### ACTIVITY:
Every line of the listing below should come back exactly as written, with no images.

### GIVEN DATA:
▼

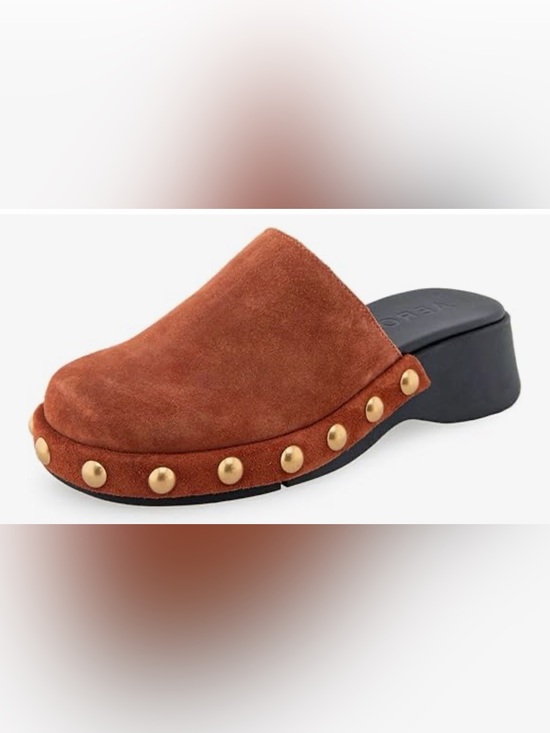 AEROSOLES Shoes - NWOB Aerosoles Faye Suede Leather Clog with Gold Studs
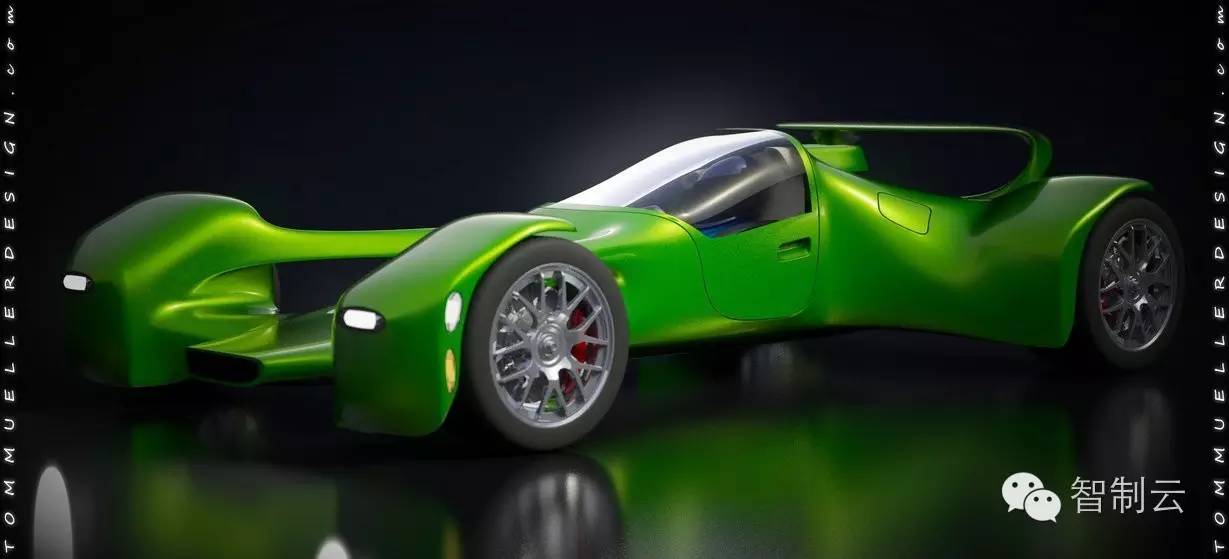 【汽车轿车】EVS电动跑车造型概念设计建模图纸 FBX STL格式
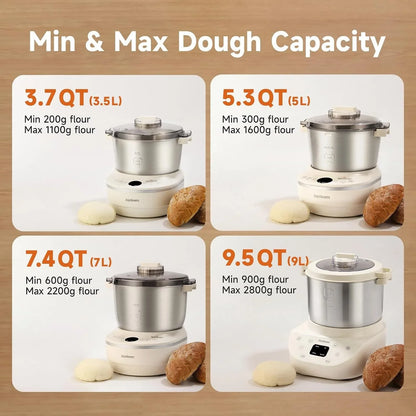 7.4Qt Electric Dough Maker with Seasonal Fermentation, HMJ-A7017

▲

### FINISHED TASK:
 AEROSOLES Shoes - NWOB Aerosoles Faye Suede Leather Clog with Gold Studs
 【汽车轿车】EVS电动跑车造型概念设计建模图纸 FBX STL格式
 7.4Qt Electric Dough Maker with Seasonal Fermentation, HMJ-A7017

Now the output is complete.